Julia Mancuso, professional skier and three-time Olympic medalist, knows a thing or two about sun protection. Not only is she religious about shielding her skin on the slopes, she’s the granddaughter of a dermatologist. So when she was asked to team up with the American Academy of Dermatology for their SPOT Skin Cancer initiative to raise awareness for skin cancer, it was the perfect fit. As a “SPOTlighter” for the campaign, Mancuso is spreading the word to better the public’s understanding of the deadly disease and motivate them to change their behavior to prevent and detect skin cancer.
Tell me about the SPOT Skin Cancer Campaign and why it’s important to you. “I grew up being really in tune with taking care of my skin and wearing sunscreen and taking the right steps to protect myself on all occasions. I actually preach to my teammates all of the time, saying, ‘Make sure you’re wearing sunscreen!’ And then my grandpa mentioned something about the America Academy of Dermatology, and working with them and how they were coming up with a new campaign. They contacted me and it was just a real natural introduction and fit to help promote the campaign.”
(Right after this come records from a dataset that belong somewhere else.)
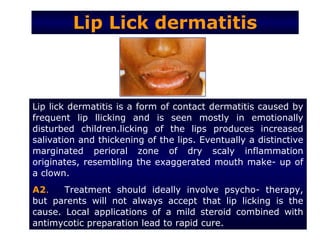 Lip Lick dermatitis



Lip lick dermatitis is a form of contact dermatitis caused by
frequent lip llicking and is seen mostly in emotionally
disturbed children.licking of the lips produces increased
salivation and thickening of the lips. Eventually a distinctive
marginated perioral zone of dry scaly inflammation
originates, resembling the exaggerated mouth make- up of
a clown.
A2.    Treatment should ideally involve psycho- therapy,
but parents will not always accept that lip licking is the
cause. Local applications of a mild steroid combined with
antimycotic preparation lead to rapid cure.
 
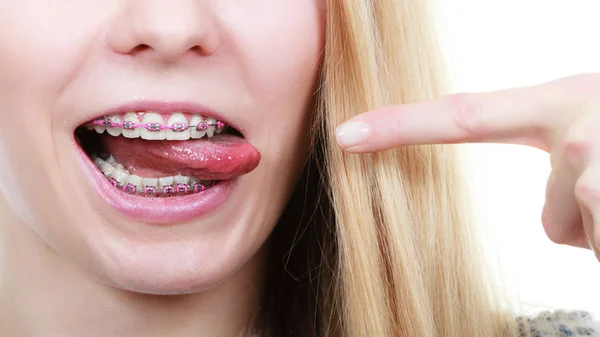 Happy woman showing her braces on teeth — Stock Photo, Image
Many people mistakenly think they only need sunscreen during the summer or at the beach, so why is sun protection important year round? “It’s so important—especially for someone like me who spends so much time outdoors training in the sun in the winter. In the past, I’ve been guilty of having a goggle tan, so that’s the first indication to me that you get a lot of sun outside in the snow, even when there are clouds and you think that it’s not penetrating. I’m proud to say that I haven’t had a goggle tan since I was a young girl. It’s really important to protect yourself at all times.” What’s your sun protection plan when you’re training? “Every morning, I wake up and put on a moisturizer that has SPF 30, and then I put a regular sunscreen on top of that. We spend a lot of time training and then take a break in the lodge so I always reapply when I go inside or I keep it with my water, so anytime I stop for a drink, it reminds me to put more sunscreen on. In the summer when we’re training outside in high elevation for glacier skiing, I try to wear a handkerchief to block sun reflecting off the snow, too.”
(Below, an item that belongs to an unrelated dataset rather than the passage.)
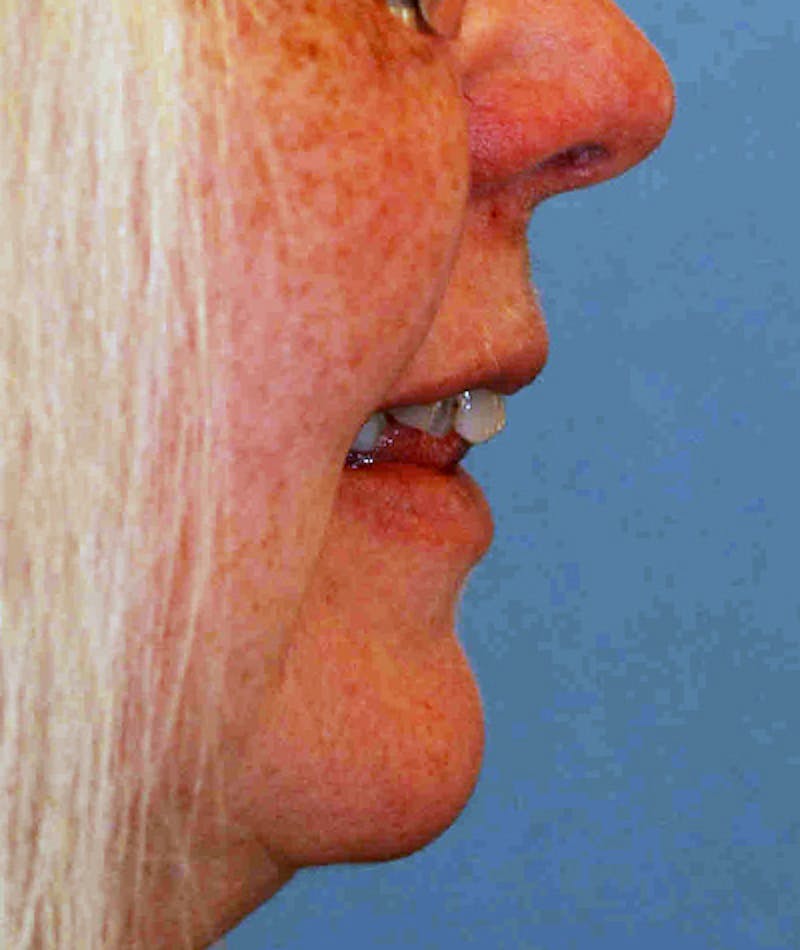 Anti Aging Before & After Gallery - Patient 96497738 - Image 4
Do you have any favorite sweat-proof sunblock products? “I like wearing Shiseido products—they’re really great for all-weather protection. I like to wear the Shiseido Sun Protection Liquid Foundation ($35, shiseido.com). I think that it’s nice you can get a little coverage when your skin gets red from being outside.”
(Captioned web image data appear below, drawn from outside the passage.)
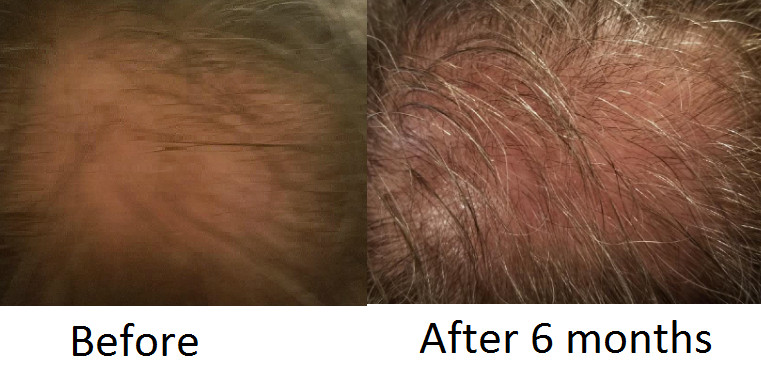5 Classic Hair Follicle and Adipose Serums for the price of 4 1 FREE 5 ships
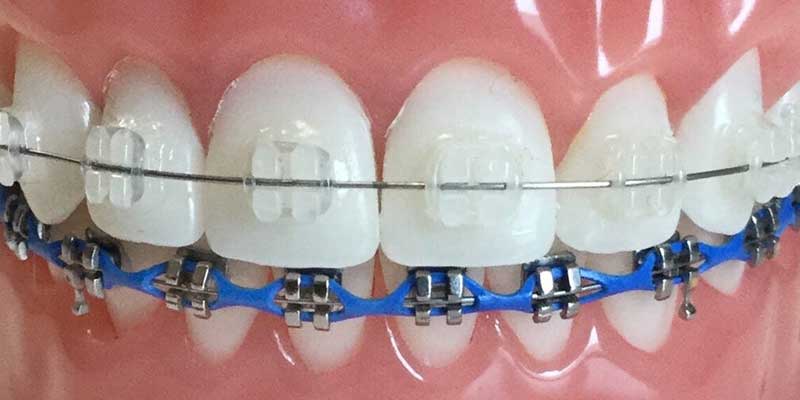ارتودنسی سرامیکی بهتر است یا فلزی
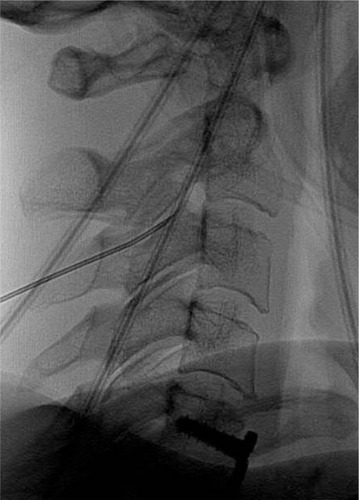 Figure 3 A lateral radiograph demonstrating the first needle placement for radio-frequency ablation of the third occipital nerve.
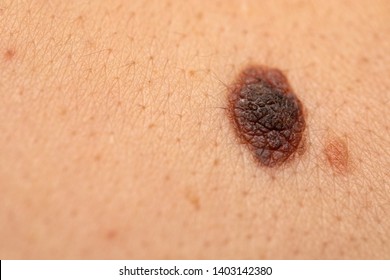 Close Up Picture Of Dangerous Brown Nevus On Human Skin - Melanoma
What are your other beauty must-haves? “Well, recently, I’ve been using Osea Malibu, they use all-organic algae in their products. I use the Essential Hydrating Oil ($28, oseamalibu.com), which I find really good in the winter because you’re not putting heavy creams on. You can moisturize with a clean oil, even just the spots that get dry, and then you’re not putting on too much product that feels heavy underneath scarves and hats.”
What are some of the best exercises skiers can do to become stronger? “A basic squat is the most typical exercise because skiing involves a lot of core strength and quads and glutes, but for me, I think the biggest myth for skiers is that you want to have really strong quads, but it’s actually that you want to balance your hamstrings and quads. So when I’m doing a lot of exercises, I focus on lifting my tailbone coming up so I’m really engaging my hamstrings as well which prevents knee injury.”
How do you like to stay in shape during the off-season? “I think a great thing for skiers is biking. I really like to ride my road bike, so I do a lot of road biking and spend time in the gym doing squats and Olympic lifting and jumping. Agility work, box jumps and other plyometrics are great for skiing.”